Transcribe every line of the material below without change, apart from dropping the pictures.

### Input data
┌────────
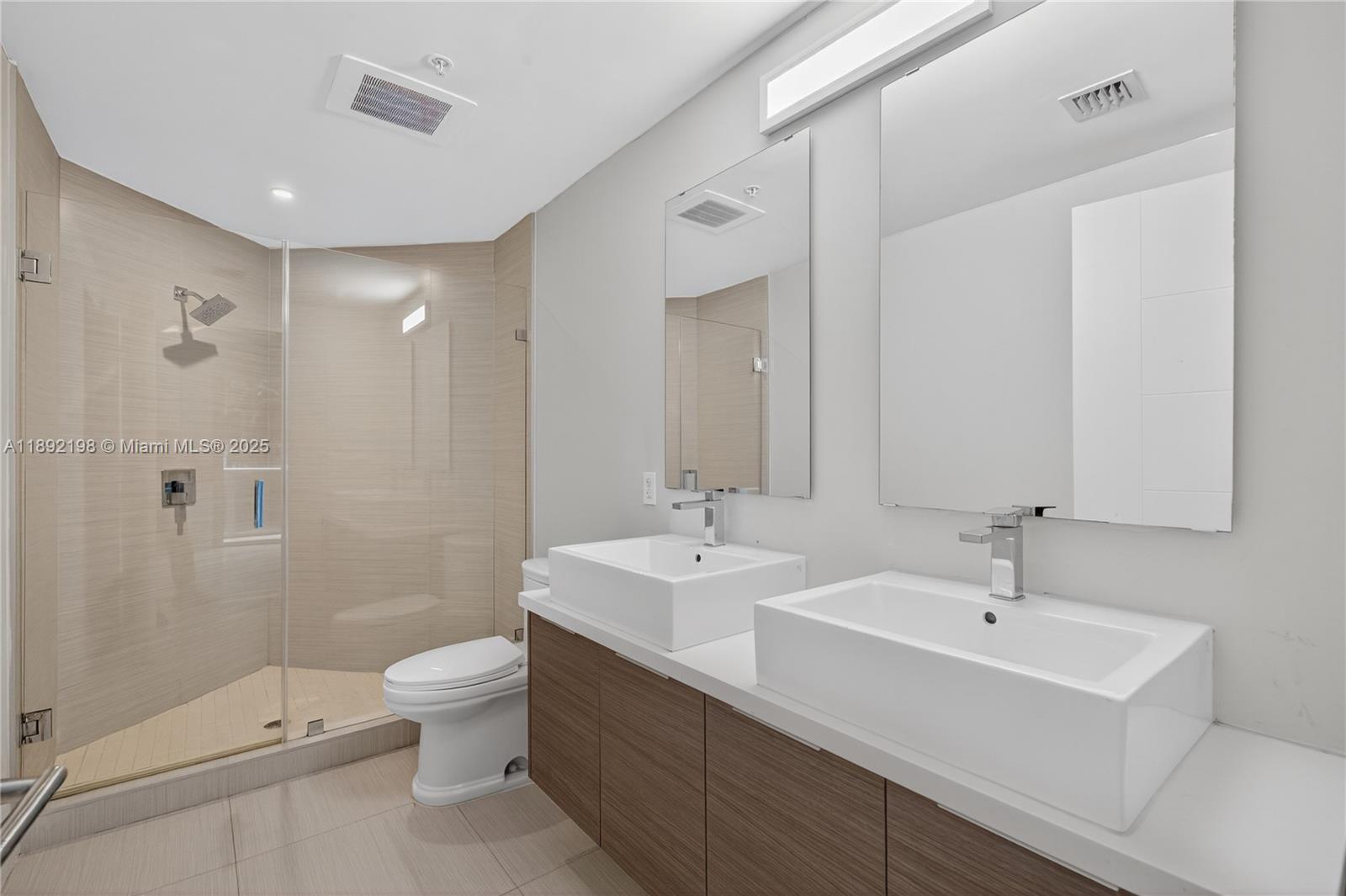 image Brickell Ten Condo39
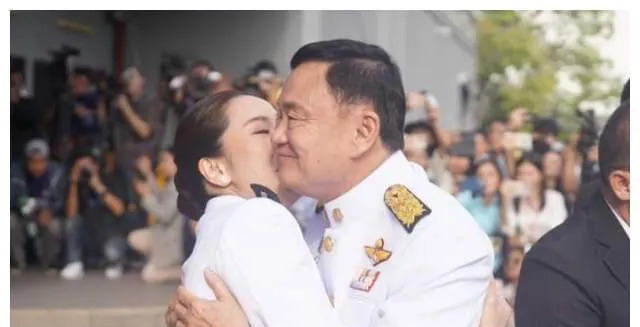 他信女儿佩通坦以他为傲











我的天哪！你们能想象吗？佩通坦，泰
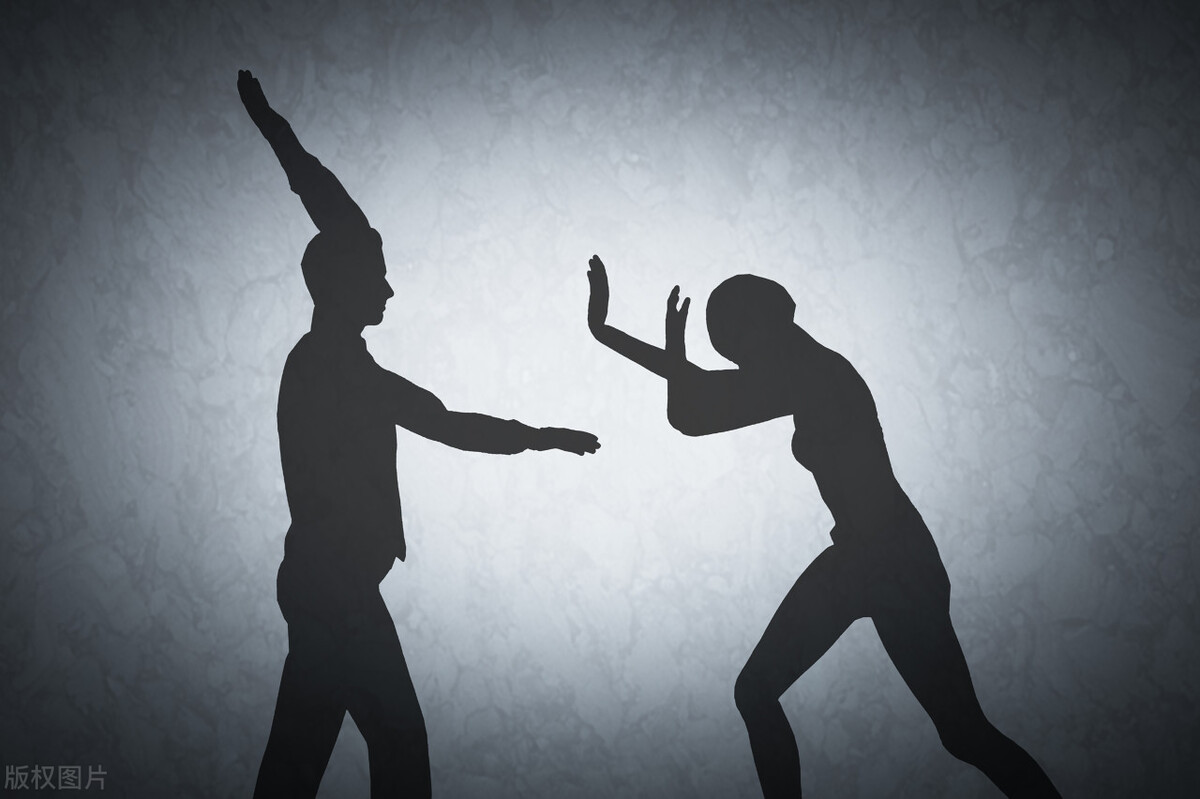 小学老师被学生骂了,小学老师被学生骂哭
└────────
### Written reply
 image Brickell Ten Condo39
 他信女儿佩通坦以他为傲











我的天哪！你们能想象吗？佩通坦，泰
 小学老师被学生骂了,小学老师被学生骂哭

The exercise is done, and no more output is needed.